Since the boys//girls in Congress do better than hedge fund managers and beat the market handily - I'd say there's some self-enrichment benefit in cheating....



Quote from jem:
Its obvious somebody really high up... say a German President or someone who lost of lot of money when these funds were shorting companies into destruction... wants cohen out of business or in jail. Should he just not take his billions and close down.
Surely he can get his buddies at goldman and the fed to broker an exit strategy.
Steve as your ET internet lawyer... its time get out. Your people are getting picked off one by one. They will roll. That is how the Federal govt rolls.
This should be a movie.
He is warned... stopped shorting my companies.
He says fuck you- you don't have that kind of power.. Goldmans money is in my fund. We own the Fed you idiot. We own the govt.
The official vows to take him down
He says fuck you.
He seems to be losing.
Quote from zdreg:
the US is one crazy country where people, sometime, go to jail for insider trading for a longer period than murder. in reality it is just a tax on the rich.
there is plenty economic justification to legalize insider trading. banning insider trading is an easy sell to the clueless public.
Quote from zdreg:
the US is one crazy country where people, sometime, go to jail for insider trading for a longer period than murder. in reality it is just a tax on the rich.
there is plenty economic justification to legalize insider trading. banning insider trading is an easy sell to the clueless public.

Quote from jem:
my theory was that there were more trends in the market when insider trading was allowed.
I also agree that you should either allow it... or really shut it down harsh. Right now everybody seems to get away with it, except for a few select times. This its illegal but everyone gets away with it is not good for the markets. That is why I think someone powerful is really pissed at SAC.
Quote from zdreg:
the US is one crazy country where people, sometime, go to jail for insider trading for a longer period than murder. in reality it is just a tax on the rich.

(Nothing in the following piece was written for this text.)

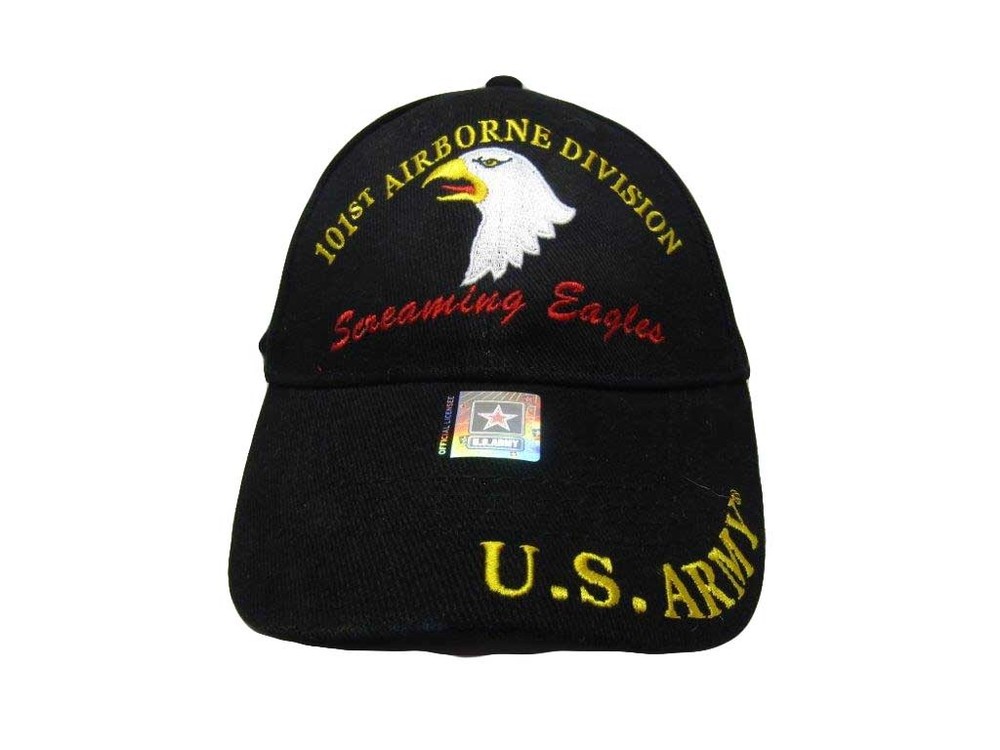 US Army Hat 101st Airborne Division Black Adjustable Cap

there is plenty economic justification to legalize insider trading. banning insider trading is an easy sell to the clueless public.
Quote from bwolinsky:
Uh, no, they don't get away with it!
The issue is fairness and the damaging effects of the inefficiency of imperfect information some investors may have versus others. This is illegal as it is completely unfair. Mere knowledge isn't illegal, but the issue is if you pretend you don't know or do know something is material, non-public information of course you should not trade on it. It's just ethics. This dilutes the value of prices and until they are allowed to move the reason for the way it is now is because it is unethical to make money off information that is obviously going to produce profitable illegal trades.
Seriously, do you believe the Japanese have better markets? Or allow fairness? They don't and I doubt inside info trading rules will ever be legal and if the congressional crackdown on inside information trading isn't more than obvious that trading on inside information legally will never happen in the United States it probably won't ever happen then....at least for a very long time...
Quote from jem:
ah, yes they do get away with it... all the time.
just go back an look at the trades made around the time of the 2008 bank bailouts.
guys were making moves after fed hearings and bailout plans.
You think the Sec is going to come down on the big companies or the wall street banks.
Guys like Larry Ellison dump shares while going CNBC and lying about their expected numbers.
Quote from zdreg:
"Guys like Larry Ellison dump shares while going CNBC and lying about their expected numbers. "
your scenario is doubtful. my guess is that ellison's sales are automatic. at the moment he is on tv that is the best guess if the sales trend continues. sometimes sales in the one or two weeks prior to end of the quarter change drastically resulting in the upending of earnings forecasts.